You have to be careful of those. You can get a nasty nip.
I shouldn’t wonder if the heat is hot there too.
You have to be careful of those. You can get a nasty nip.
I shouldn’t wonder if the heat is hot there too.
YES! World famous Oxnard strawberries! What a treat!
A beach town where it’s perpetually warm and there’s “nothing much to do?” Sounds perfect to me. How about for kids? Would you say it’s a good place for a family? Schools? Safe? Anything along those lines I’d love to hear about. Then there’s quaintness. Does it have any of that? That’s the kind of thing the Ms likes. As in, for instance, all the old Victorian houses in SF. She loves those.
Then you’ll love it!
Very safe. Every place has its bad areas, but Ventura County isn’t bad. You almost have to go looking for bad areas to find them. Great place for a family. The only problem is kids getting bored and maybe getting into a little trouble just by virtue of trying to find something exciting to do. Maybe some high school kids underage drinking by bonfires on the beach on a Saturday night. Nothing major.
I can’t speak to all the schools in the county, but I know the schools in Camarillo are generally very good.
Very.
In some of the older pockets, yes. Old Ventura is pretty quaint. SB is prety quaint too. As you drive east from the Mission, along Main Street, you can see turn of the century homes, then 1920s homes, then 1940s homes, 1950s, 1960s, 70s, 80s, etc. Every few blocks is like its own architectural time capsule.
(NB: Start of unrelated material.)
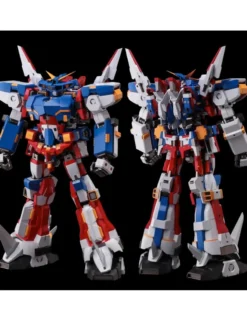 Sentinel Riobot Super Robot Wars Original Generations SRX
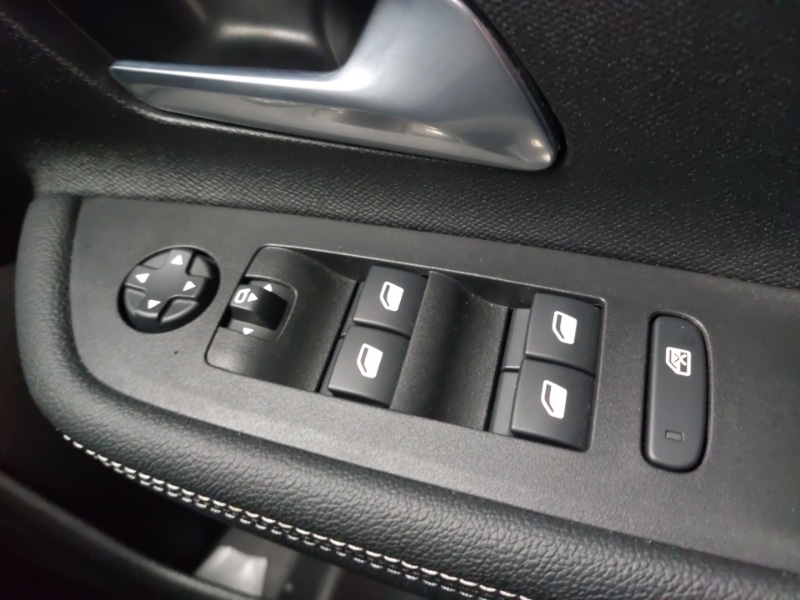 Used Vauxhall Mokka 2025 for sale - 76893770: Photo 18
Mission San Buenaventura was founded in 1782. The city of San Buenaventuira grew slowly around the mission. By 1860, there was still only a population of about 1,000 in Ventura. The Oxnard Plain was pretty isolated from the rest of the state due to the mountains on all sides. As I mentioned the cliffs to the east cut off traffic to Santa Barbara in the winter along El Camino Real.
The railroad came. They unofficially shortened the name to Ventura to fit on the train schedule.
Old Oxnard grew up in the mid-1800s as a huge lima bean producer.
Camarillo was just a few store fronts and a few homes on Ventura Blvd. at the turn of the century, plus the huge Camarillo family ranch, which is now most of the entire city of Camarillo. Also historically big on lima beans.
The area really didn’t boom population wise until WWII, when the air fields came in.